Do not confuse the different “variances” discussed. Each frame population has its own distribution of \(Y\) values, \(S^2\), the population element variance, estimated by \(s^2\), the sample element variance from any given sample realization. These are each different from the variance of the sample mean, labeled as \(V(\bar{y})\), estimated by using sample realization data, using \(v(\bar{y})\). Capital letters denote frame population quantities; lower case letters generally denote sample quantities.

[…] the extent of the error due to sampling is a function of four basic principles of the design:

How large a sample of elements is selected

What chances of selection into the sample different frame population elements have

Whether individual elements are drawn directly and independently or in groups (called “element” or “cluster” samples)

Whether the sample is designed to control the representation of key sub-populations in the sample (called “stratification”) (p. 102)

4.1.1.2.1 Simple Random Sampling (SRS)

Simple random samples assign an equal probability of selection to each frame element, equal probability to all pairs of frame elements, equal probability to all triplets of frame elements, and so son. (p. 103)
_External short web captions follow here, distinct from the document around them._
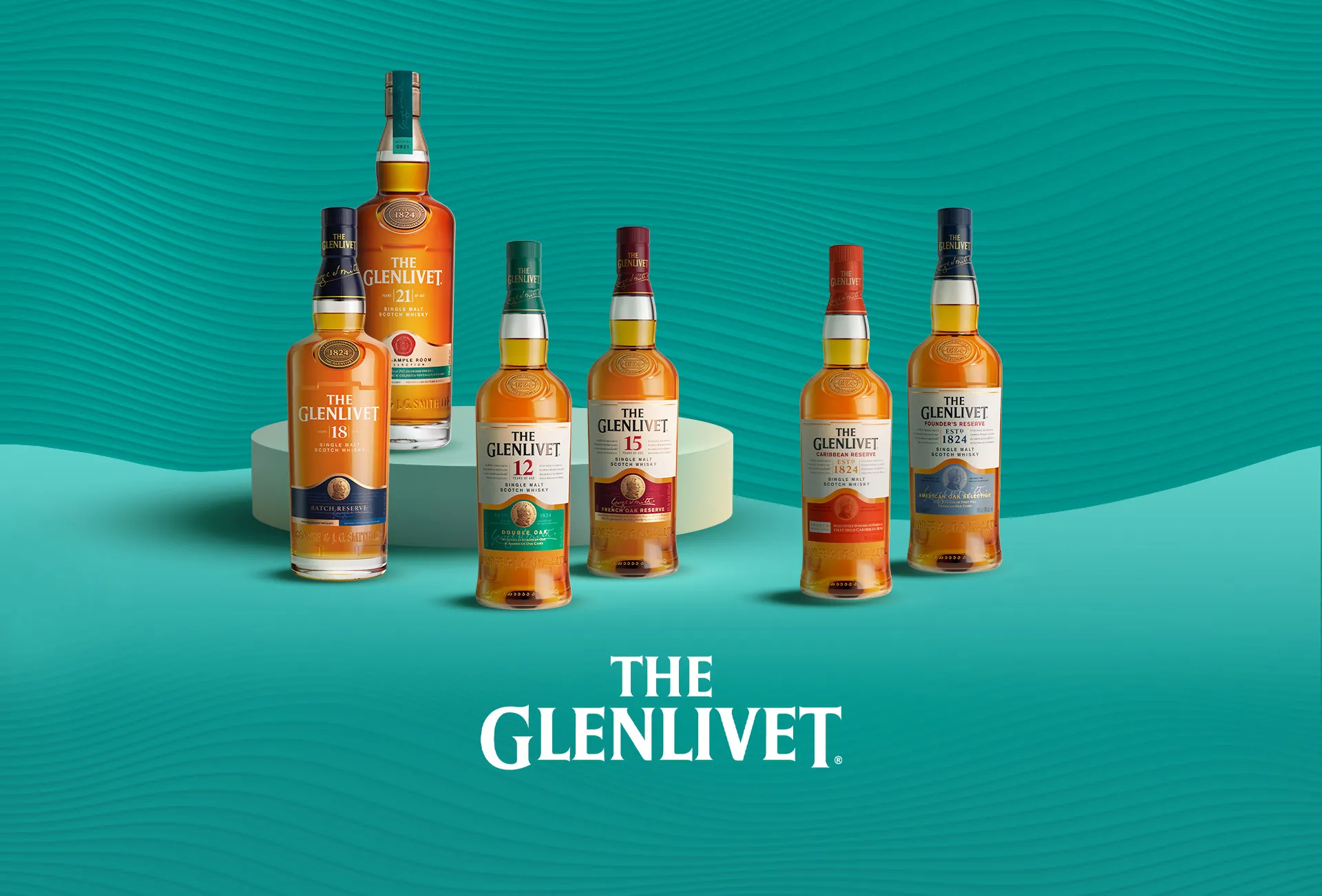 Baner dolny - kolekcja The Glenlivet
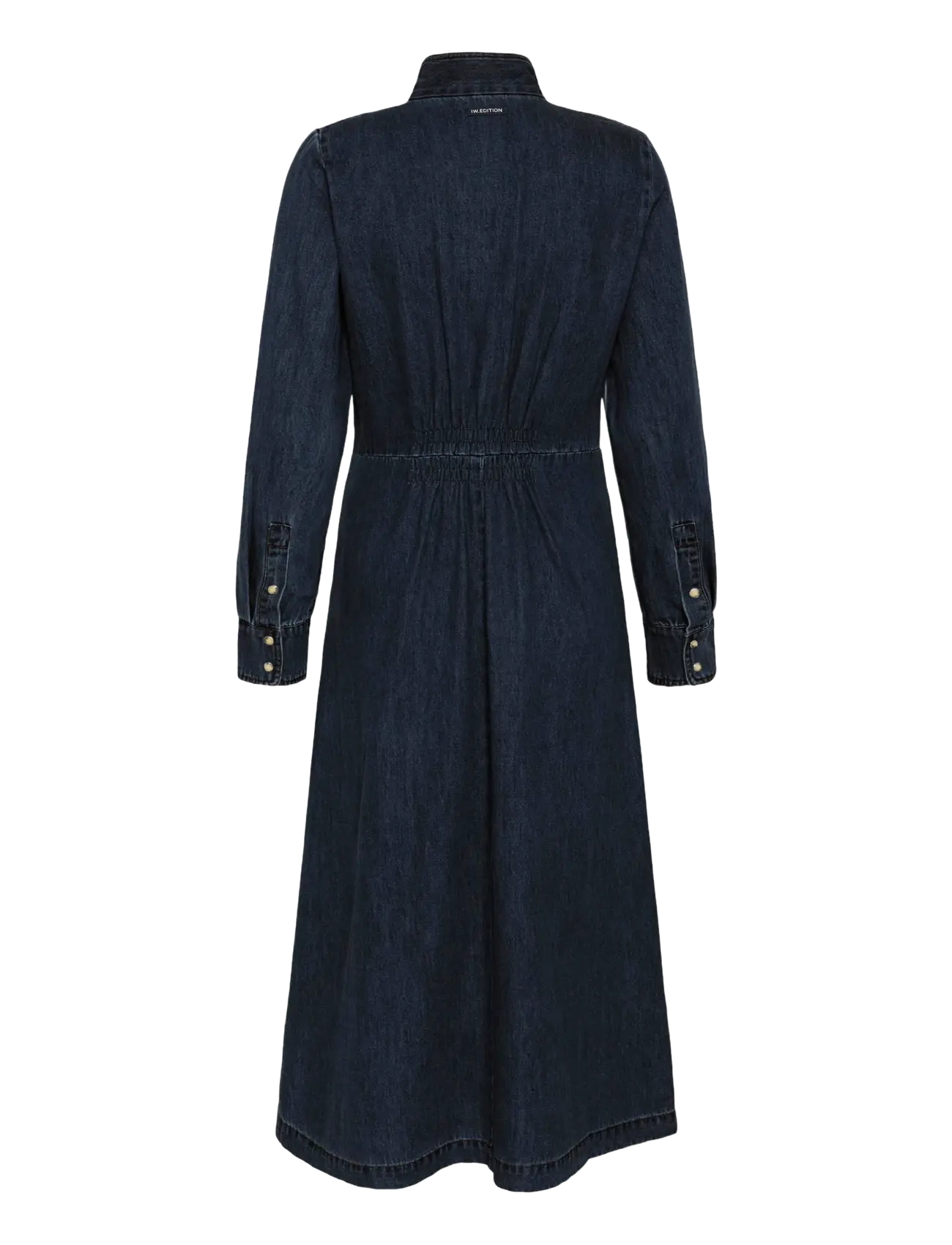 InWear - HIROIW DRESS - washed dark blue denim - 2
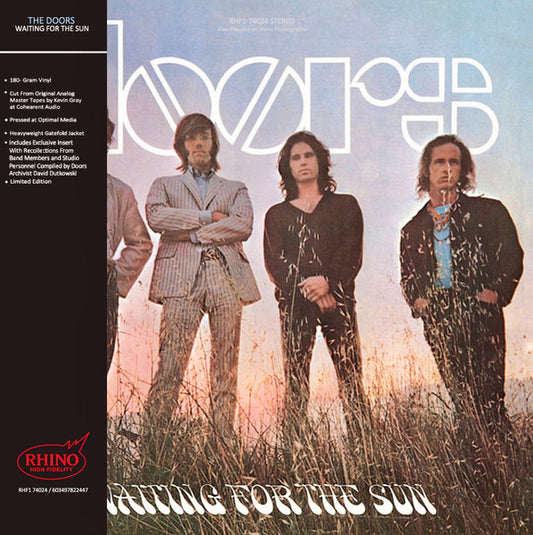 The Doors – Waiting For The Sun - RHINO Limited Edition - LP -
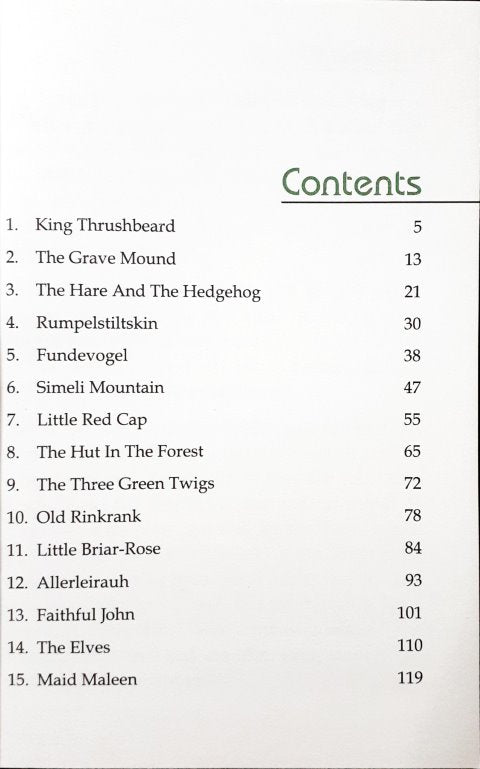 More Stories of Grimms (15 Stories)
To select an SRS, random numbers can be applied directly to the elements in the list. SRS uses list frames numbered from 1 to \(N\). Random numbers from 1 to \(N\) are selected from a table of random numbers, and the corresponding population elements are chosen from the list. If by chance the same population element is chosen more than once, we do not select it into the sample more than once. Instead, we keep selecting until we have \(n\) distinct elements from the population. (This is called sampling “without replacement”.)
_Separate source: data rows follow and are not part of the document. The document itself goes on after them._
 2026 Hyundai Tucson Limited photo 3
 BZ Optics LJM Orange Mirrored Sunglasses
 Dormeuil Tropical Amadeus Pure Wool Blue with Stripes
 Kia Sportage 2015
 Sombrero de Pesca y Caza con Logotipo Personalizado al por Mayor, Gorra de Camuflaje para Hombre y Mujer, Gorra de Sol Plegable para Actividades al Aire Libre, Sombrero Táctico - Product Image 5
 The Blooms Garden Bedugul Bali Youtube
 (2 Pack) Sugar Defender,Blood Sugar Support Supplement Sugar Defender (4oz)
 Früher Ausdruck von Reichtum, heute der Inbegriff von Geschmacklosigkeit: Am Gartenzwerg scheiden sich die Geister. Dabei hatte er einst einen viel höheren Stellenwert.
From and SRS, we compute the mean of the variable \(y\) as

\[ \bar{y} = \dfrac{1}{n} \sum_{i=1}^{n} y_i, \]

[…]. The sampling variance of the mean can be estimated directly from one sample realization as

\[ v(\bar{y}) = \dfrac{(1 - f)}{n} \sum_{i=1}^{n} (y_i - \bar{y})^2 = \dfrac{(1 - f)}{n} s^2, \]
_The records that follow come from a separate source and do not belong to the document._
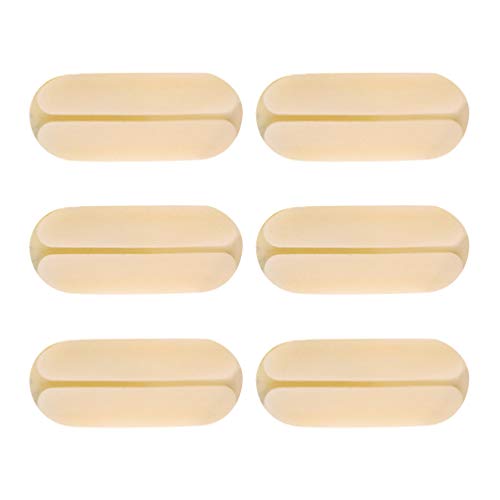 Healifty 6PCS Bra Strap Pad Silicone Non Slip Invisible Mini Silicone Shoulder Cushions for Girl Women Lady(Skin Color) von Healifty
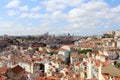 Lisbon Panorama, Capital City, Portugal Royalty Free Stock Photo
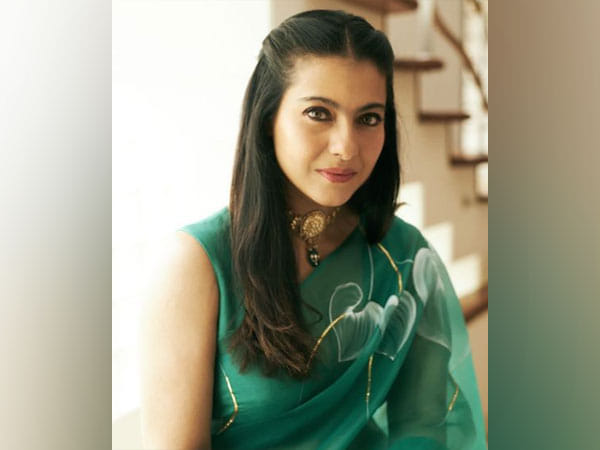 Check out Kajol's family portrait from Durga Puja pandal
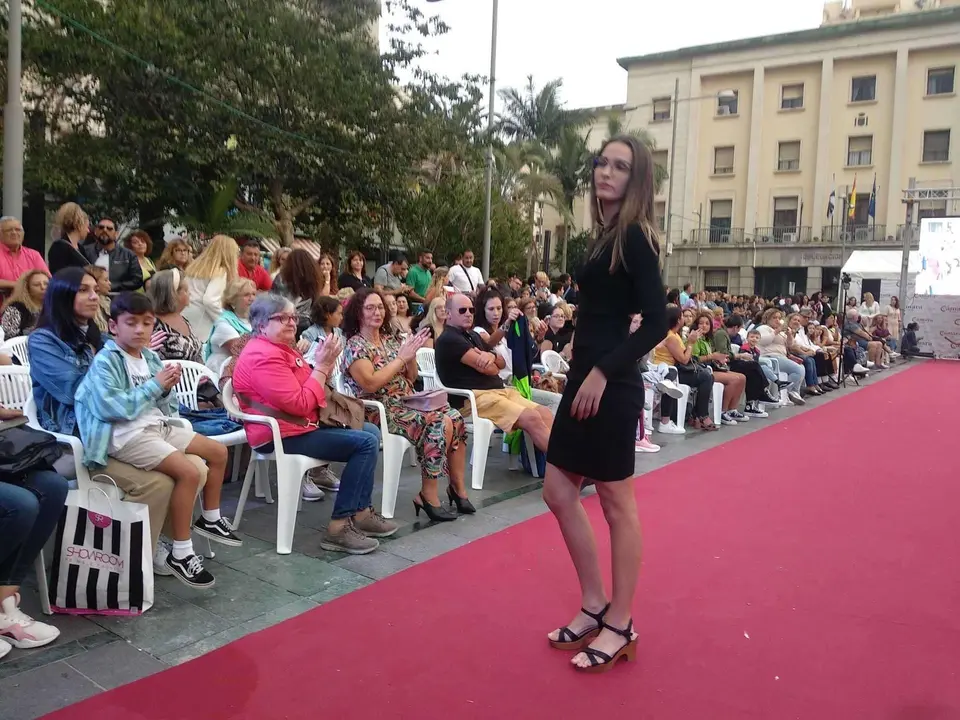 Pasarela Moda Casual de la Semana del Comercio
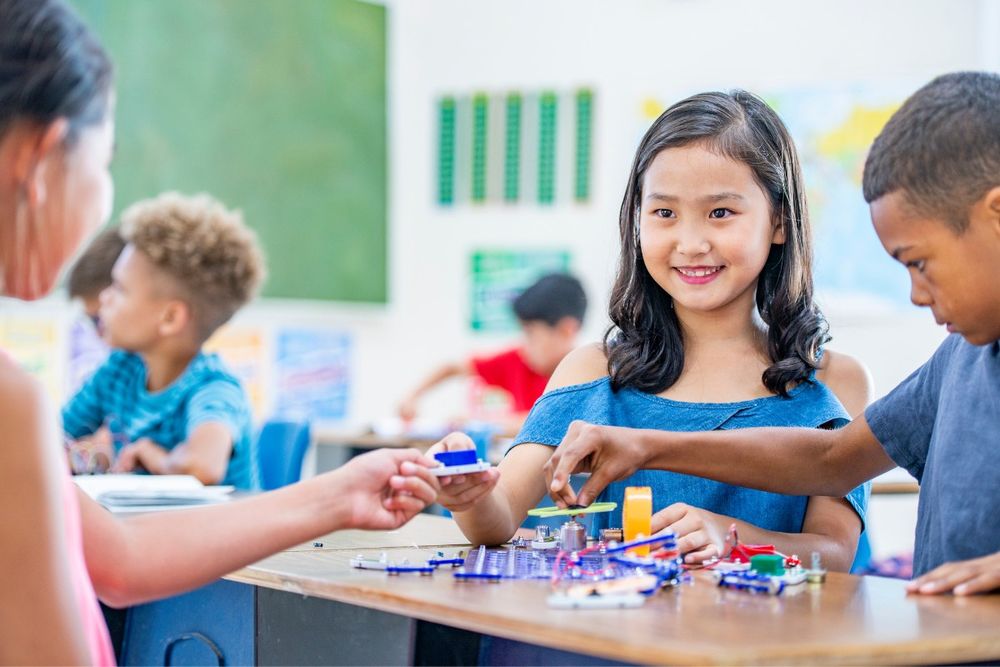  Hochbegabte Kinder innerhalb der Schule fördern Motiv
[…]. The term \((1-f)\) is referred to as the finite population correction, or fpc. THe finite population correction equals the proportion of frame elements not sample or \(1 - f\), where \(f\) is the sampling fraction. As a factor in all samples selected without replacement, it acts to reduce the sampling variance of statistics. If we have a situation in which the sample is a large fraction of the population, where \(f\) is closer to 1, then the fpc acts to decrease the sampling variance. Often, the frame population is so large relative to the sample that the fpc is ignored.

When \(f\) is small, the fpc is close to 1, and

\[ v(\bar{y}) \approx \dfrac{1}{n} s^2. \]

4.1.1.2.2 Cluster Sampling

One way to construct frames at reasonable cost is to sample clusters of elements and then collect a list of elements only for the selected clusters. And when a sample cluster is selected and visited, it makes sense to interview or collect data from more than one element in each cluster also to save costs.

How do we compute statistics for clustered samples? Let us use NAEP as an illustration. For example, suppose that for the NAEP, we could obtain a list of all \(A = 40,000\) 4th grade classrooms in the United States, and that each of those classrooms has exactly \(B = 25\) students. We do not have a list of the \(A \times B = N = 40,000 \times 25 = 1,000,000\) students, but we know that when we get to a classroom, we can easily obtain a list of the 25 students there.

The sampling procedure is simple: chose a sample of \(a\) classrooms using SRS, visit each classroom, and collect data from all students in each sample classroom. If we select \(a = 8\) classrooms, out sample size is \(n = 8 \times 25 = 200\) students. It should be clear that this is not the same kind of sampling as an SRS of elements. There are many SRS samples of size 200 students that cannot possibly be chosen in this kind of a design. For instance, some SRS sample realizations consist of exactly one student in each of 200 classrooms. None of these are possible cluster samples of 200 students from 8 classrooms.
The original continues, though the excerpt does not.